Avrupa'daki kaçak göçmenler Türkiye'ye yerleşmek zorunda kalacak
Müzakereleri uzun zamandan bu yana devam eden Geri Kabul Anlaşması, AB'nin serbest dolaşım bölgesi olan Schengen Bölgesi'ne Türkiye üzerinden yasadışı yollardan giren göçmenlerin Türkiye'ye iadesini öngörüyor.

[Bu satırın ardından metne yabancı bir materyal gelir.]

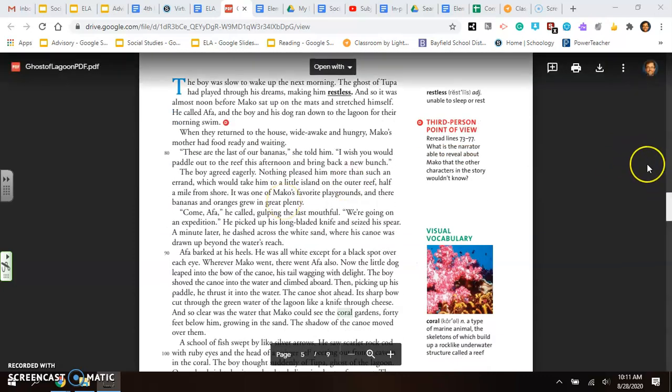The boy was slow to wake the next morning. The ghost of Tupa had played through his dreams, making him restless. And so it was almost noon before Mako sat up on the mats and stretched himself. He called Aifa and the boy and his dog ran down to the lagoon for their morning swim. When they returned to the house, wide awake and hungry, Mako's mother had food ready and waiting. These are the last of our bananas, she told him. I wish you would paddle out to the reef this afternoon and bring back a new bunch. The boy agreed eagerly. Nothing pleased him more than such an errand, which would take him out to a little island on the outer reef, half a mile from shore. It was one of Mako's favorite playgrounds. And there, bananas and oranges grew in plenty. Come, Aifa, he called. We're going on an expedition.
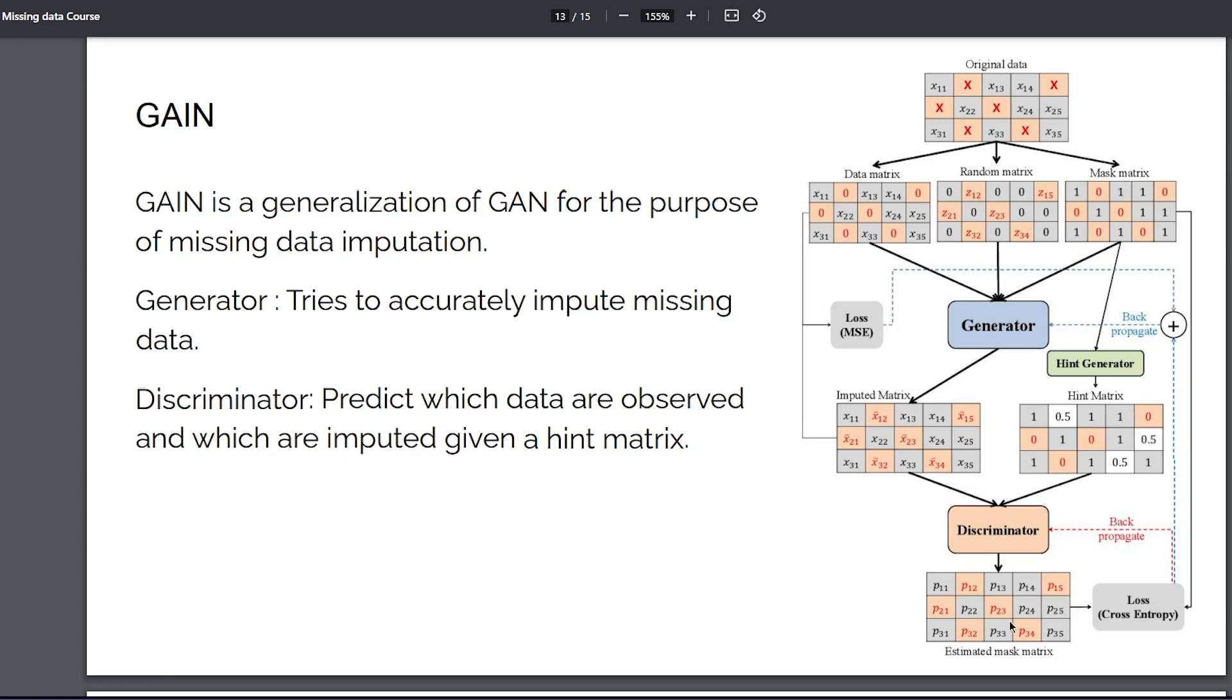Which tries to predict which is the mask matrix. And this is trained in an adversarial way, meaning if the generator improves, the discriminator gets worse. If the discriminator gets better, then the generator performance gets worse.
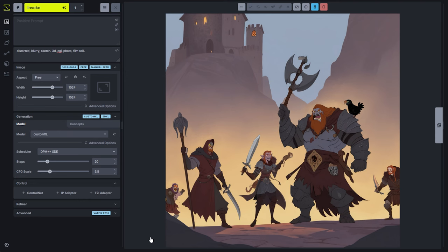Each time you generate an image, you're taking that initial set of noise and passing it through the AI model to produce its best guess of how that might turn into an image that matches your prompt. That process is controlled by a series of mathematical operations that take place over a number of steps, and the approach is called the sampler or scheduler. These two settings directly manipulate how the denoising process is coordinated and the mathematical mechanisms by which the image is generated.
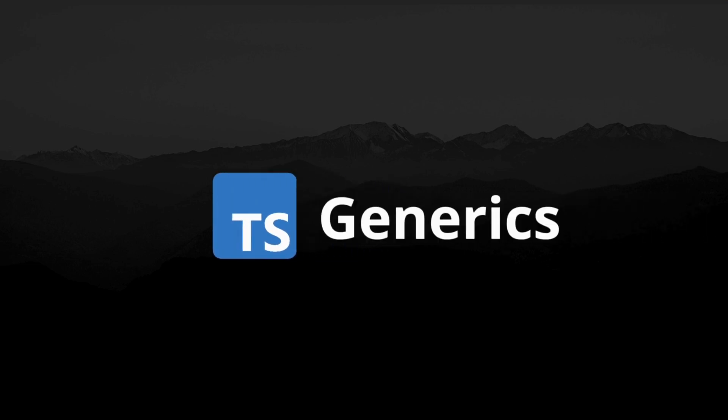TypeScript generics might seem complex at first glance, but once you understand them, they unlock a whole new level of power in your codebase.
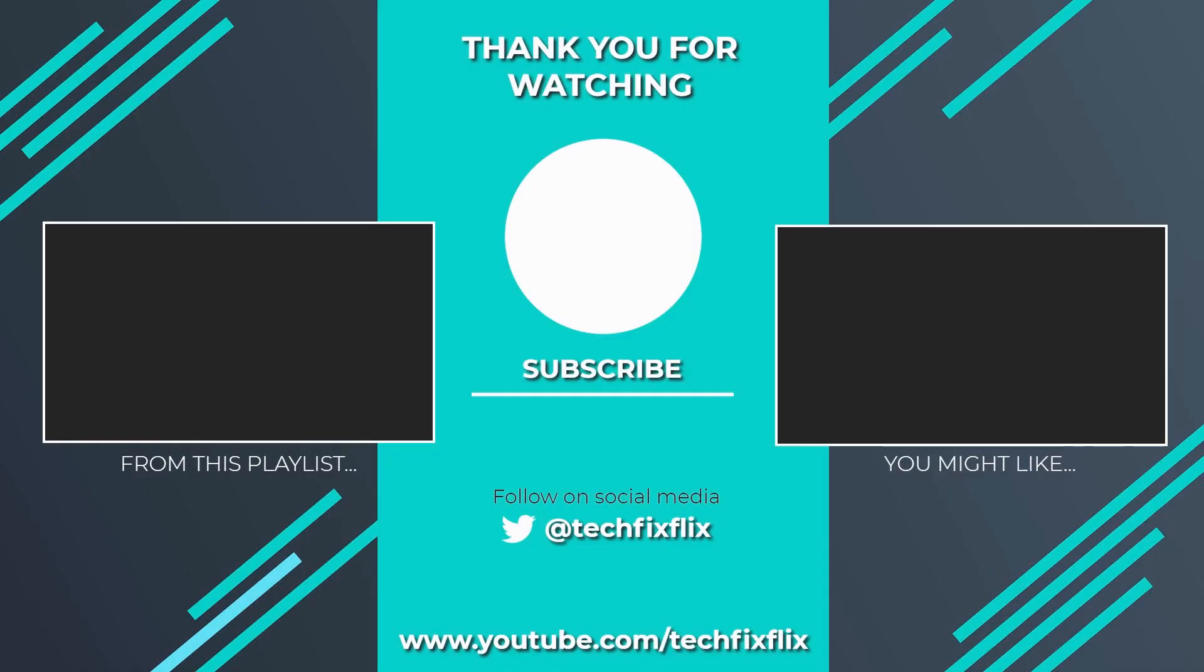Thank you very much for watching this video. If you found it useful, please consider subscribing by clicking the logo on screen now. If you'd like to see more, there are two suggestions currently on screen. If you have a better, faster, or more economical solution, let us know in the comments. We'd love to hear from you. You're also welcome to follow us on Twitter. Until your next tech fix, goodbye.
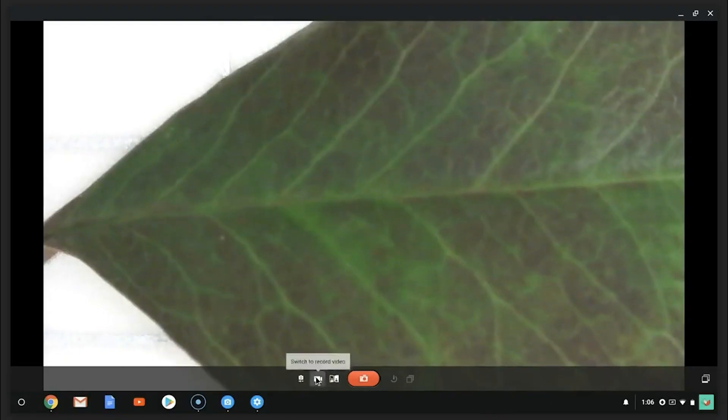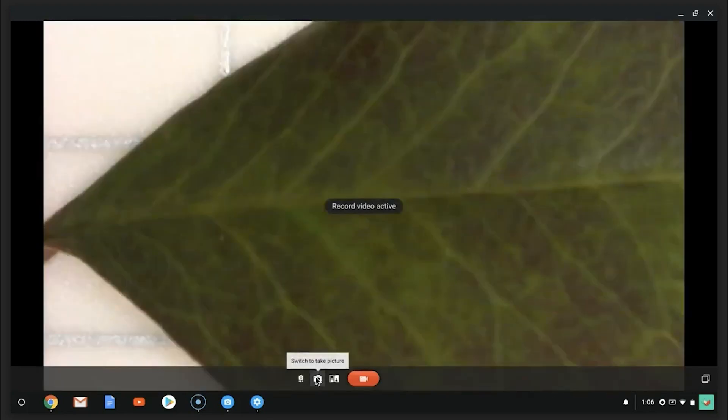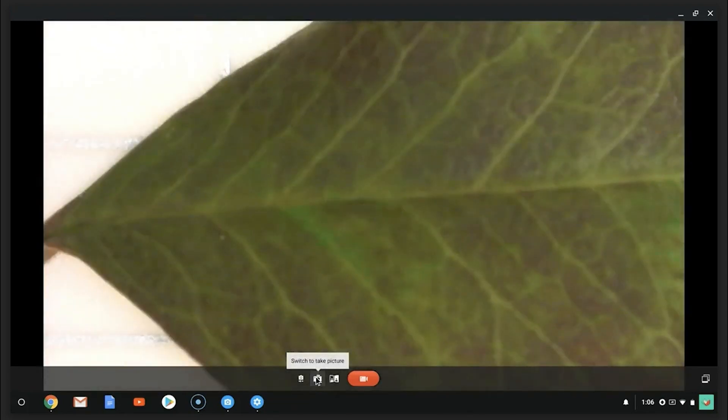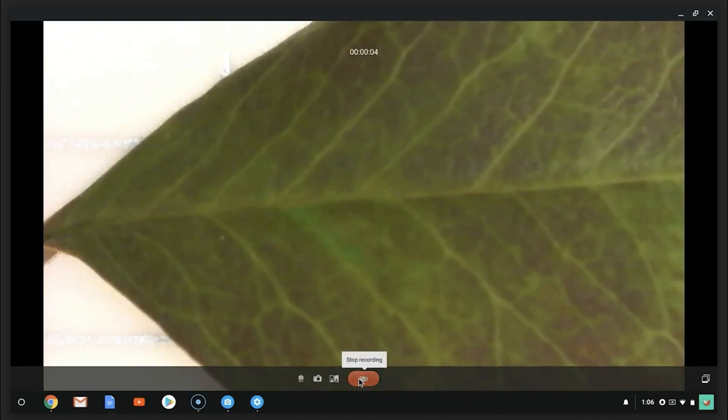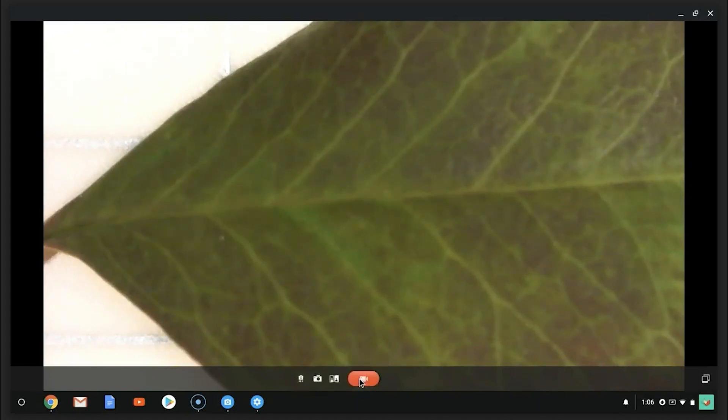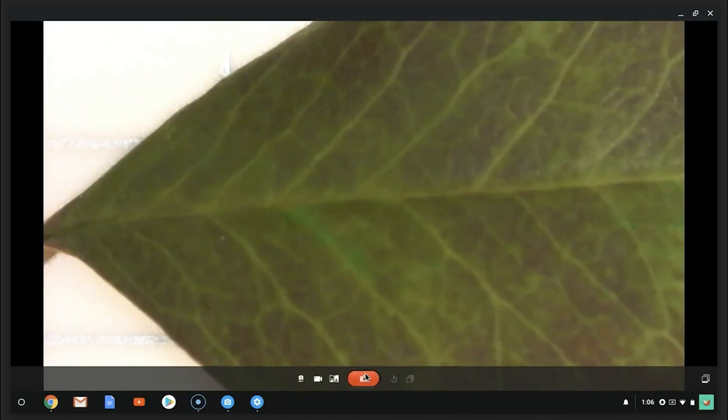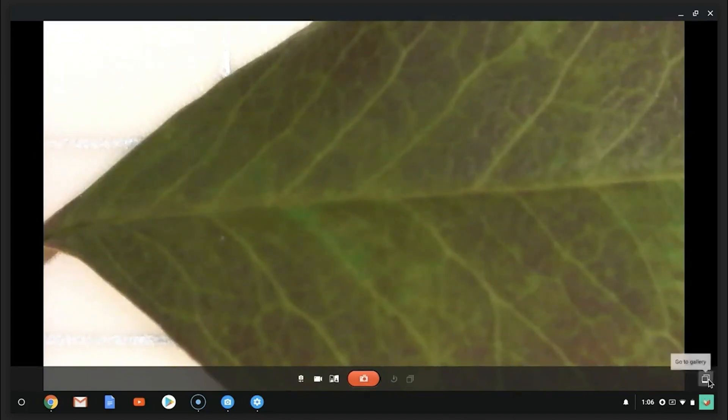To take a video, click on the white video camera icon to switch to video mode. Click the red button to begin and end recording. View your pictures and videos by clicking on the white icon in the bottom right corner.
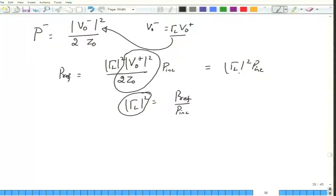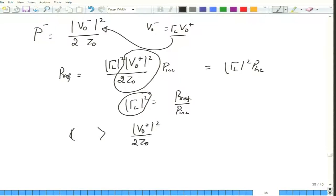The reflected power is |ΓL|²·P_incident, and the difference between incident and reflected power is what is delivered to the load. There is an additional way to derive this relationship. The time-average power for a lossless transmission line, considering only the forward-going wave, equals |V0+|²/(2Z0).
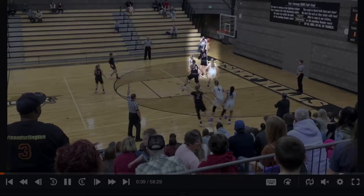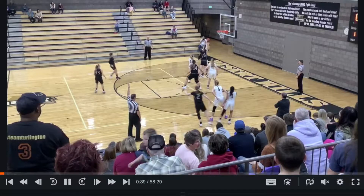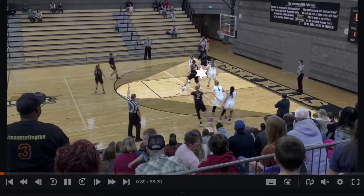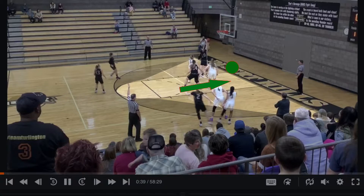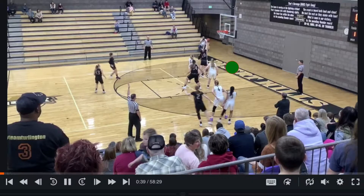Here we have a common foul on the rebound. This is the spot where the foul occurred. We know from the Officials Manual that violations or fouls occurring in this area are to be taken to the end line, to the spot closest to where the foul occurred. This is the correct spot for the throw-in.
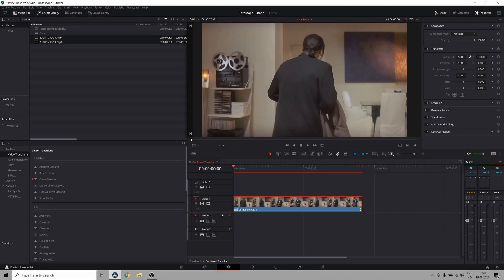What's up everyone, my name is Samzot and in this video I'm gonna show you how to do rotoscoping in DaVinci Resolve, or how to isolate your subject from the background.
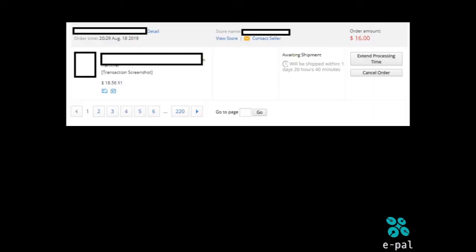If you have a screenshot, you can make it easier. If you have a video, you can ship the same way to the next one.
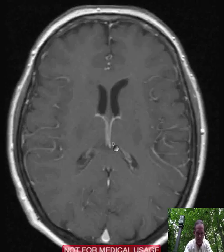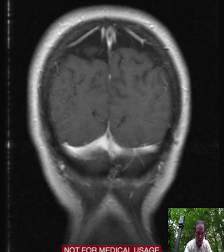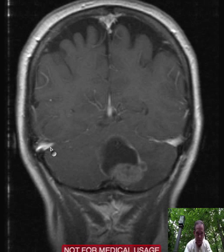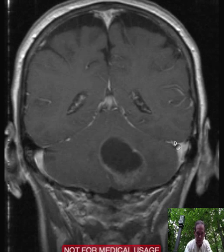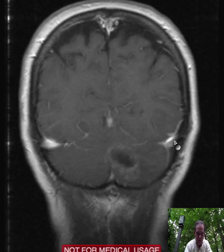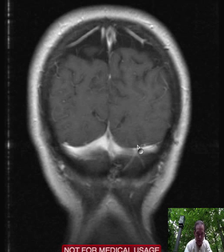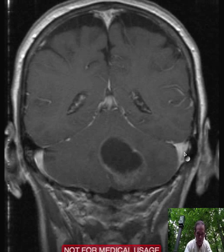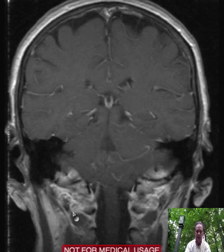Let's see what IV contrast does for this hemangioblastoma. It enhances the mural nodule, and it can be very intense enhancement — in this case it is not. Here are the venous sinuses in the posterior fossa, and if we follow them back, we see that the sagittal sinus comes down and joins the two transverse sinuses, and they in turn drain forward and inferior to give rise to the jugular veins at the skull base.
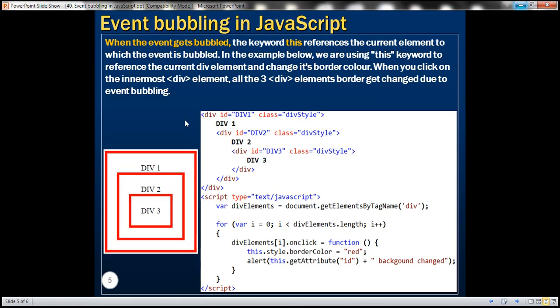When the event gets bubbled, the keyword 'this' references the current element to which the event is bubbled. Let's understand this with an example. We want to have three div elements — div 1, div 2, div 3 — nested inside each other. When I click on div 3, we want to change the border color of all three div elements to red.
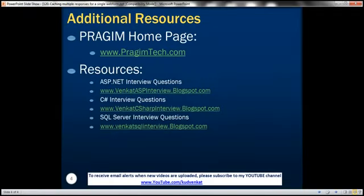On this slide, you can find resources for ASP.NET, C#, and SQL Server interview questions. That's it for today. Thank you for listening. Have a great day.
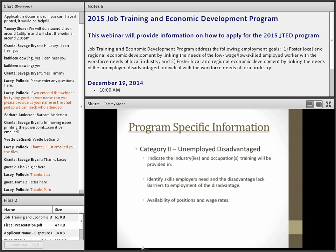For Category 2, under the same section on identifying targeted industries and occupations and skill deficiencies, you still need to identify the industries and occupations for training, identify the skills employers need that the disadvantaged population lacks, describe the barriers to employment for this population, and address the availability of positions and the wage rate. Make sure you're targeting growth jobs with good positions available now or in the near future for placement.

AB-Türkiye ilişkileri ve AB hukuku uzmanı, Ankara Strateji Enstitüsü Başkanı Prof. Dr. Mehmet Özcan’a göre, Geri Kabul Anlaşması’na ilişkin esas sorunu geçiş güzergâhı olarak Türkiye’yi kullanan üçüncü ülke vatandaşlarının iadesi oluşturuyor. Özcan, “Üçüncü ülke vatandaşları Afrika’dan, Asya’dan, Ortadoğu’dan geliyor olabilir. Bunların da Türkiye üzerinden geçtiği tespit edilirse, Türkiye bu kişileri barındırmak veya kaynak ülkelere geri göndermek zorunda. Fakat Türkiye’nin bu noktadaki sorunu şu: Türkiye bu ülkelerle Geri Kabul Anlaşması imzalayamıyor, daha doğrusu bu kaynak ülkeler Türkiye ve AB ülkeleri ile Geri Kabul Anlaşması imzalamıyor. Dolayısıyla büyük ihtimalle bu insanların birçoğu Türkiye’de yaşamlarını sürdürmek zorunda kalacak” şeklinde konuştu.
Türkiye, iade edilecek mültecilerle başa çıkabilir mi?
Hâlihazırda Türkiye’nin yalnızca 2 ila 3 bin yasadışı göçmeni barındırabilecek geri kabul merkezleri olduğuna dikkat çeken Prof. Özcan, AB’nin desteğiyle yeni geri kabul merkezlerinin inşa edileceğinin fakat kısa sürede bir çözüm beklenmemesi gerektiğinin altını çizdi. “Sorunun özünde de bu yatıyor. Türkiye’ye geldiklerinde Türkiye’nin altyapısının yetersiz olması ve bu süreçte de bu insanların temel hak ve özgürlüklerle ilgili yaşayacağı sıkıntılar, kişilerin insani olarak yaşayabileceği bir ortamın şu anda altyapısının hazırlanamamış olması” diyen Prof. Özcan, bu kişilerin kendi ülkelerine gönderilmeleri halinde bunun maddi külfetinin de Türkiye tarafından karşılanmak zorunda olduğunu vurguladı. Prof. Dr. Mehmet Özcan, “Zaten Türkiye’de şu anda Suriye’den kaynaklanan ciddi bir sorun var, Türkiye’de 800 bin civarında savaştan kaçmış Suriyeli var. Bu kadar büyük sorunun yanında yeni bir yükün Avrupa üzerinden Türkiye’ye gelmesinin Türkiye’nin ciddi bir sorunla karşılaşacağının işareti olduğunu düşünüyorum” diyor.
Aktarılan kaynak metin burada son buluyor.